Author Topic: …And me  (Read 1592 times)

Offline Harlequin

  • Newbie
  • *
  • Posts: 14
…And me
« on: September 18, 2006, 04:33:01 PM »
To the misinterpreted, hung up poet of clay
do you find your words mistaken, in the light of day?
Are your rhymes forgotten, in a morning new
and are they left scattered, within the dew?

Looking for peace in a troubled time
searching for reasons in a line to rhyme
seeing politicians clawing at a dying dream
finding good men dead within their scheme…
…and me, well I’m only thinking.

I hear so many words tonight, echoing in the wind
distant cries of the distant dead, I’ll use my pen
some words are left to whisper, only of the past
brave men being remembered, is all they ask.

Looking for war in a peaceful time
searching for reasons and words to rhyme
politicians clawing at a fading dream
not seeing the dead within their schemes…
…and me, well I’m only crying.


Offline Alice, a Country Gal

  • http://www.writestreet.com/writestree
  • Hero Member
  • *****
  • Posts: 31219
  • Hello from Texas
    • Alice's Hide Away
Re: …And me
« Reply #1 on: September 18, 2006, 07:46:34 PM »
To the misinterpreted, hung up poet of clay
do you find your words mistaken, in the light of day?
Are your rhymes forgotten, in a morning new
and are they left scattered, within the dew?

Looking for peace in a troubled time
searching for reasons in a line to rhyme
seeing politicians clawing at a dying dream
finding good men dead within their scheme…
…and me, well I’m only thinking.

I hear so many words tonight, echoing in the wind
distant cries of the distant dead, I’ll use my pen
some words are left to whisper, only of the past
brave men being remembered, is all they ask.

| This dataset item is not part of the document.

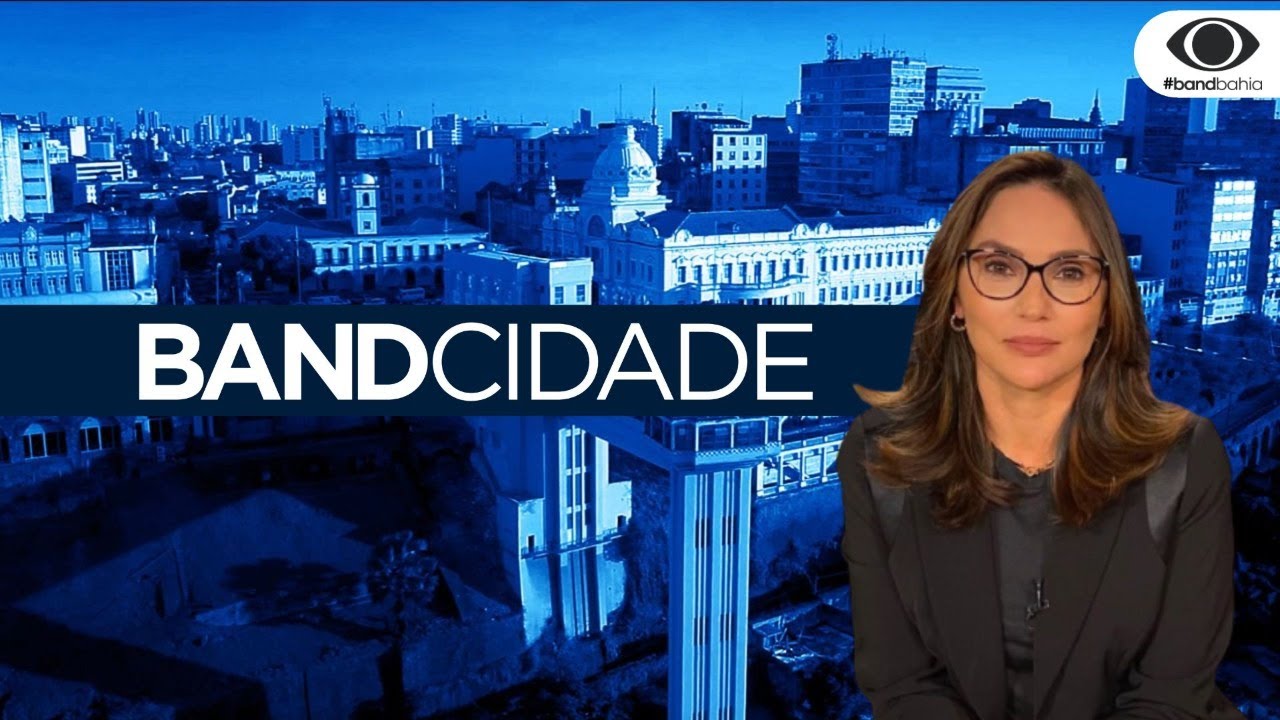 BAND CIDADE BA - 11/01/2024 - AS PRINCIPAIS NOTÍCIAS DA BAHIA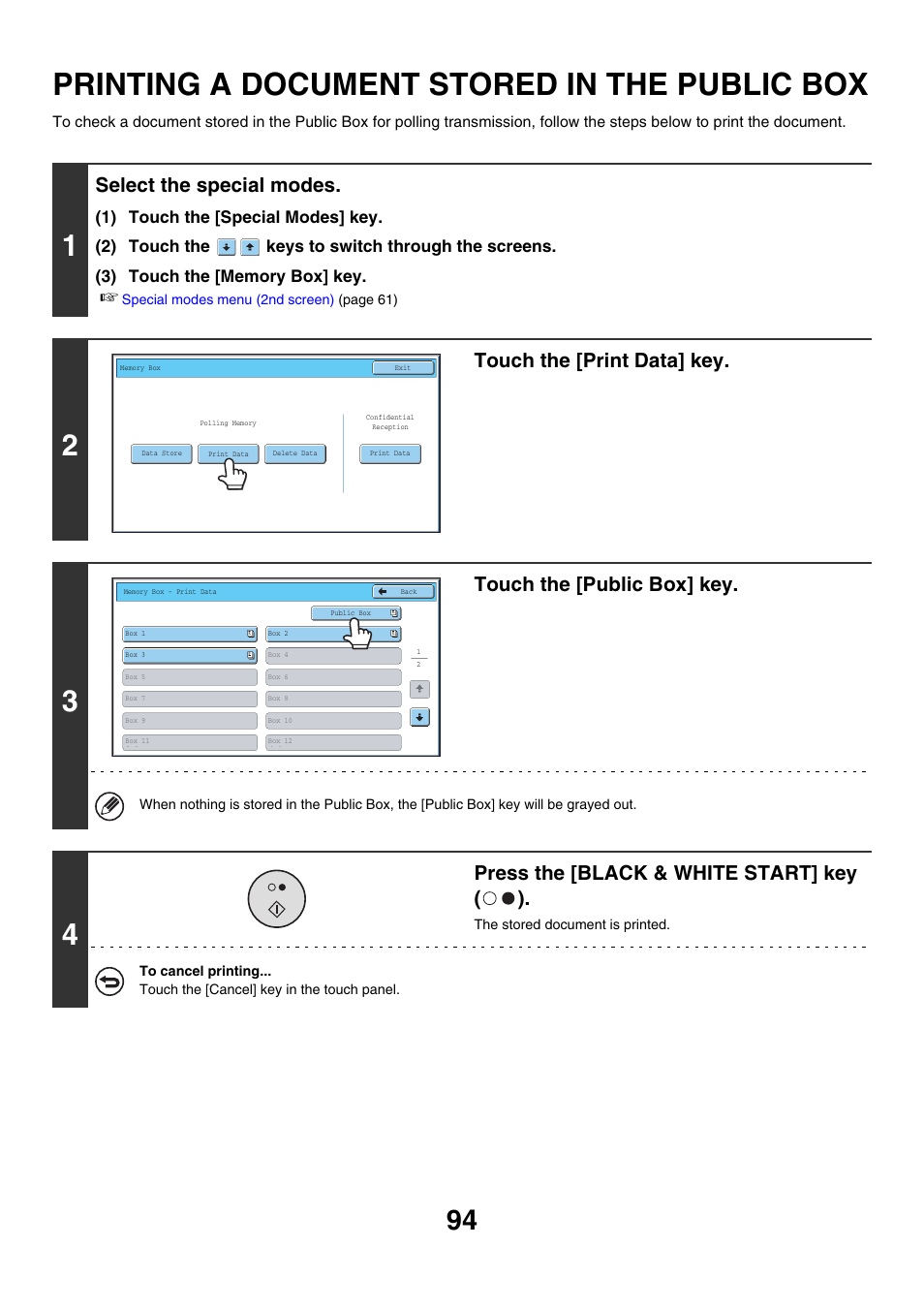 Printing a document stored in the, Public box, Printing a document stored in the public box | Select the special modes, Touch the [print data] key, Touch the [public box] key, Press the [black & white start] key ( ) | Sharp MX-7001 User Manual | Page 323 / 710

Looking for war in a peaceful time
searching for reasons and words to rhyme
politicians clawing at a fading dream
not seeing the dead within their schemes…
…and me, well I’m only crying.



Harlequin, on the whole, I liked your poetry. 
But I can't help wondering if it would read better, thoughts hang together easier, with a few changes in punctuation.

Example:

To the misinterpreted, hung up poet of clay
do you find your words mistaken, in the light of day?
Are your rhymes forgotten, in a morning new
and are they left scattered, within the dew?

Try instead:
To the misinterpreted, hung up poet of clay (I don't really understand this line manly due to "poet of clay" so not sure about how to place commas or periods.)
Do you find your words mistaken in the light of day?
Are your rhymes forgotten in a morning new,
and are they left scattered within the dew?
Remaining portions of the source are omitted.